The exploration of space by both nation states and private enterprise is continuing to grow as humankind seeks to understand the nature of the Universe and the origin of life, and to invent space based applications that benefit humanity. These activities are important for the future of the species, but we also need to see what is going on in space, a perspective that we don't get down on the surface of our planet. Sen believes that seeing space objects and missions with real video will help transform humanity's understanding of the nature of space and help communicate why space exploration is so important. Furthermore, like government activities on Earth, an independent media is an important part of the infrastructure of a democractic society—and particularly important when we become an interplanetary species in the coming decades as a result of the activities of nation states, international organisations and commercial enterprise.
Sen's vision is to build a space television network generating its own original content, filming space objects and events with a network of video camera satellites which extends from Earth's orbit to deep space destinations. Our unique imaging data will be sold to space agencies and commercial space operators, as well as schools and consumers.
Our distribution model is online as internet TV.
Our approach is to imagine, design, build, test and launch a fleet of space video cameras that create a network throughout the Solar System, filming human and robotic space exploration missions, as well as space objects—planets, moons, asteroids and comets—in our Solar System, and one day beyond.
Space television will be a unique video data set for the multi-billion dollar space economy as it expands activities beyond Earth to the Moon and Mars over the coming decades.
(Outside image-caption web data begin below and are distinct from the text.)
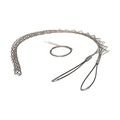 Product Image of Standard Support Grip Double Eye, 10" Bale, 4720 Lbs Break, 1.25-1.49" Cord Dia., 31" Mesh, SGTDL125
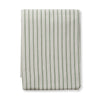 Carol Green Stripe Napery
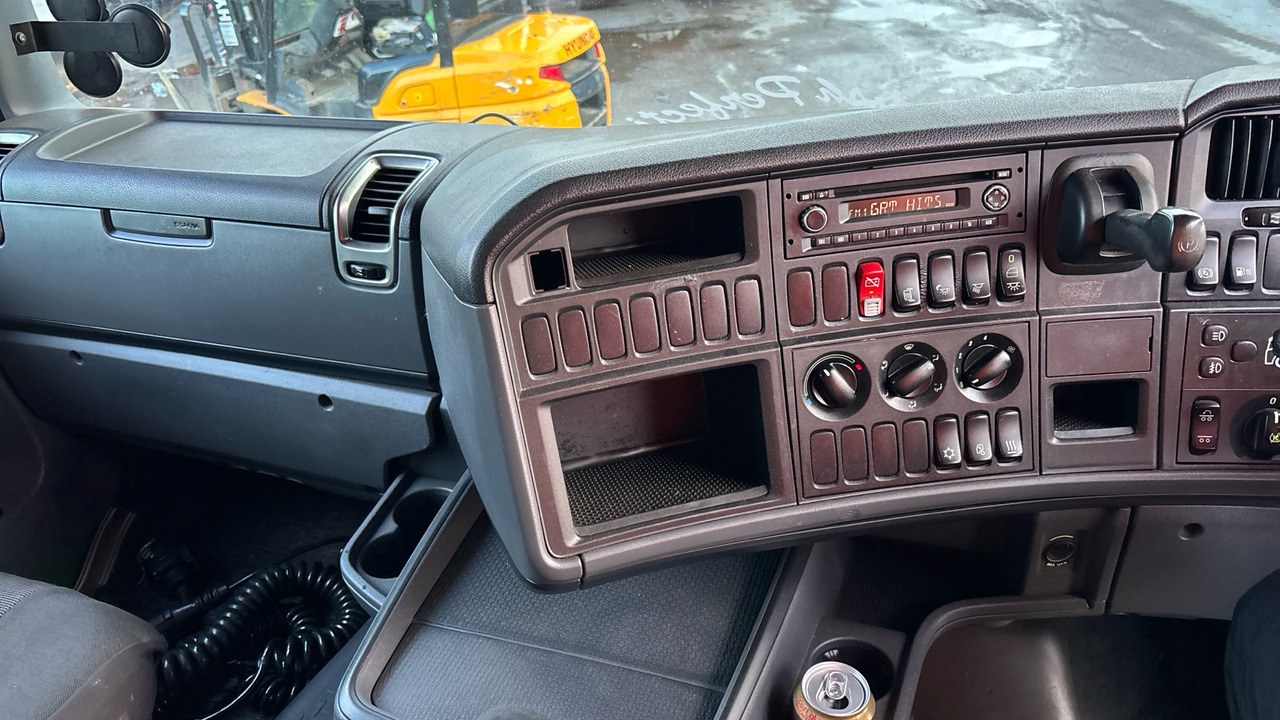 Tracteur routier SCANIA R 520: photos 7 Tracteur routier SCANIA R 520: photos 7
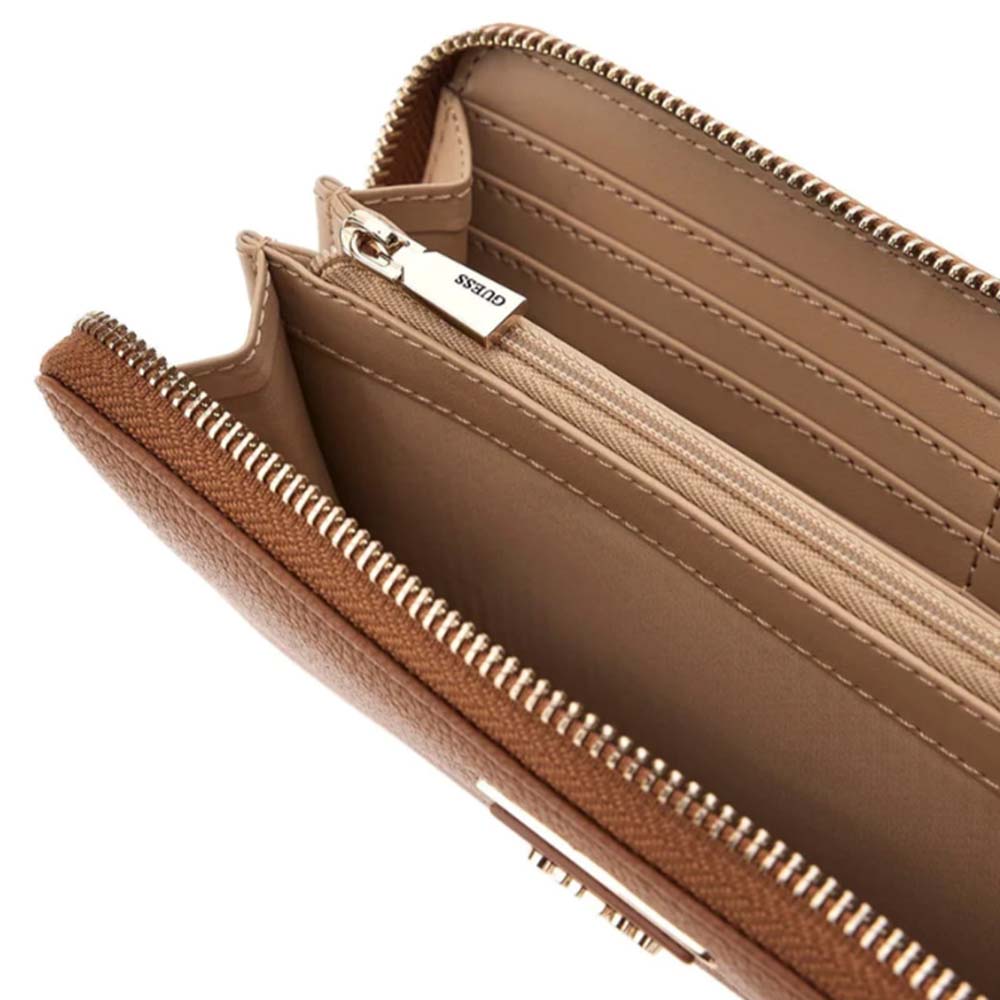 Laurel SLG Large Zip Around Wallet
Our missions will also capture inspiring films that will give humanity a new perspective of space—and of Earth’s place in the Universe.
We have started building prototypes of our hardware and flight software and plan to launch of our first cameras in late 2017 or early 2018 when we will release our first space videos. Thereafter we will continue to build a fleet of TV camera satellites, focusing on the Earth-Mars region during our first decade. We will be there filming the first crews arriving on Mars.